77

Derken o dişi deveyi ayaklarını keserek öldürdüler ve Rablerinin emrinden dışarı çıktılar da: “Ey Sâlih! Eğer sen gerçekten peyamberlerdensen bizi tehdit ettiğin azâbı getir” dediler.

Âyette deveyi kesip öldürmeleri eylemi o toplumun tamamına teşmil edildi. Halbuki deveyi öldüren tek kişidir. O da, Kudar veya Kuzar b. Salif adındaki kişidir. Ancak devenin öldürülmesini hepsi istediklerinden ve bu öldürme işinden hepsinin memnun kalmalarından ötürü sanki hepsi de öldürme işine fiilen kâtilmış gibi zikredilmiş oldu. Deveyi öldüren Kudâr adındaki şahıs, kısa boylu, kızıl tenli, mavi gözlü idi. Nitekim Rablığmı ilân eden Fir'avun da böyle biri idi. Nitekim Hazret-i Peygamber (sallallahü aleyhi ve sellem) efendimiz şöyle buyurmuşlardır: “Ey Alî, önceki geçen topluların en acımasız ve kalbi kararmış kişisi, gözü dönmüş olanı Hazret-i Sâlih'e mu'cize olarak verilen deveyi acımasız bir şekilde öldürendir. En sonuncuları da, seni öldürecek olandır.” Bak. Ebû Nuaym, Hilye:4/307 ve Mecmauzzevaid:7/14,299.
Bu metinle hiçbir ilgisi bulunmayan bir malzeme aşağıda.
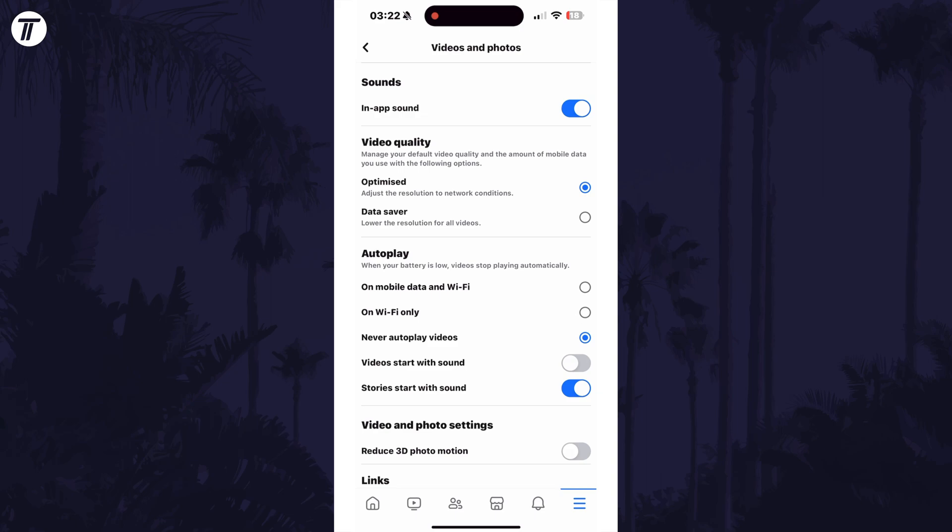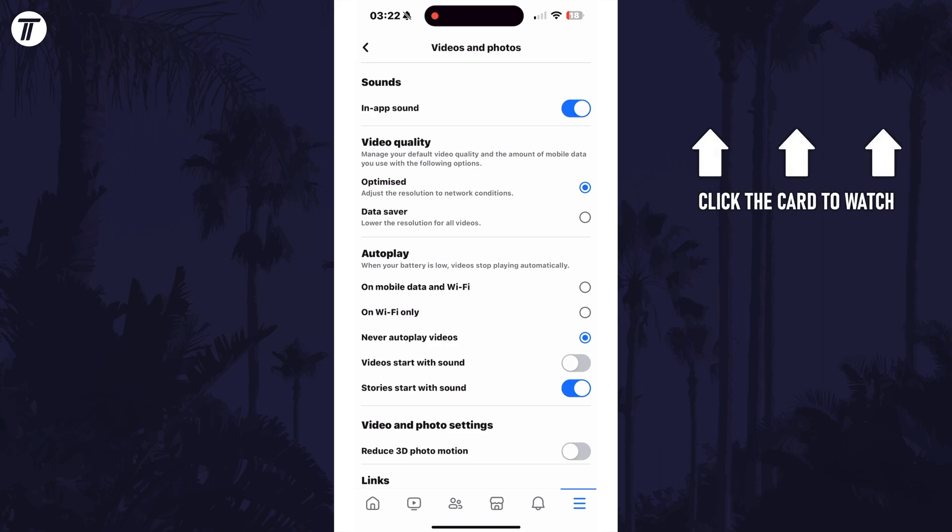That's how to stop videos from auto-playing in the Facebook mobile app. Click the card on screen now to watch a video of mine showing you 10 easy ways to speed up your iPhone or iPad.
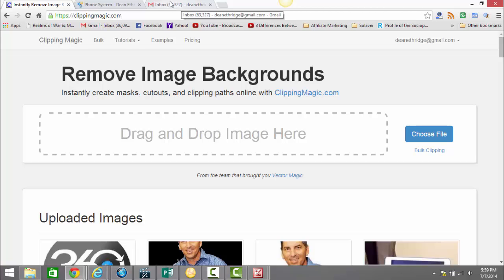Hey everybody, it's Dean Etheridge, and today I'm making a video that will show you how to eliminate some backgrounds in your images, even if they're tough to remove.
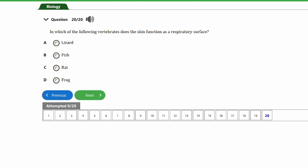Question twenty: in which of the following vertebrates does the skin function as a respiratory surface? a) lizard, b) fish, c) rats, d) frog. The answer is option D — the frog. In frogs, the skin acts as a secondary respiratory surface, so gases can diffuse directly into the bloodstream because the skin is thin and moist. This is particularly important when the frog is underwater and cannot breathe air at the surface.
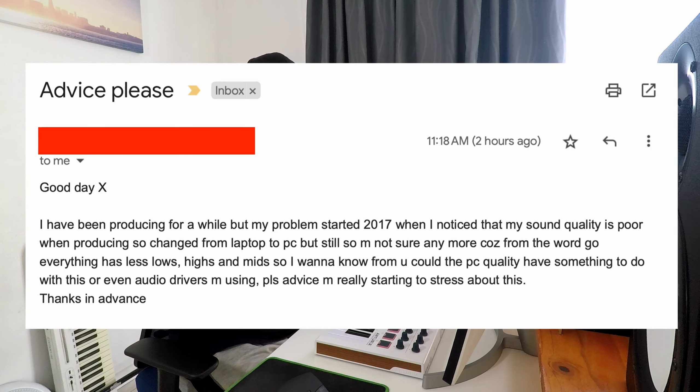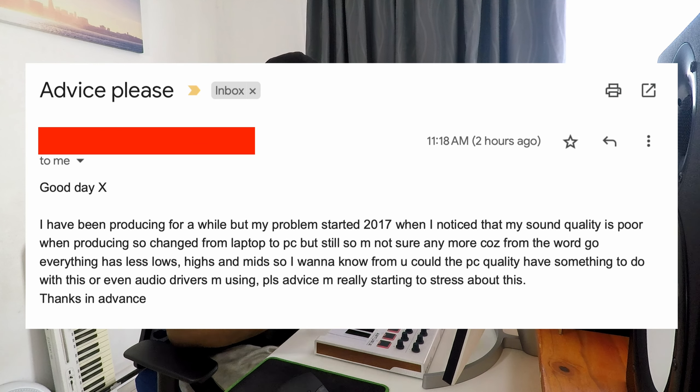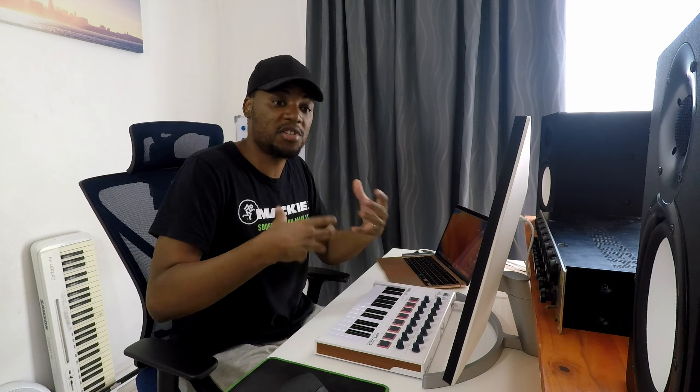He says: 'Good day, I've been producing for a while but my problem started in 2017 when I noticed that my sound quality is poor when producing.' So he changed from laptop to PC. Before we read any further — here's the problem: I don't think the laptop-to-PC switch is the issue, because I'm sure it's basically the same thing, unless there was something different you wanted to do. I made a video about why I switched from a desktop PC to a laptop, mostly because I wanted something more powerful and I wanted to switch to Mac.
“Bu şekilde Rableri'nin emirlerini hiçe sayıp tanımadıklarını sergilediler.” Sâlih'ten yüz çevirdiler, büyüklenerek Rablerini ve emrini tanımadıklarını gösterdiler. Rableri onlara, Hazret-i Sâlih peygamberin dilinden emir buyurduğu şey ile, şu ifadeyle emretti: “Dokunmayın ona, bırakın onu, istediği gibi Allah'ın arzında otlayıp yesin” (A'raf,73) emrine karşı gelerek azıttılar veya Rablerinden ötürü ki bu Rabbinin dininden ötürü karşı gelip tanımadılar manasınadır. “Hemen bunun peşinden de alaylı bir tarzda: “Eğer sen gerçekten peyamberlerdensen bizi tehdit ettiğin azâbı bize getir” dediler.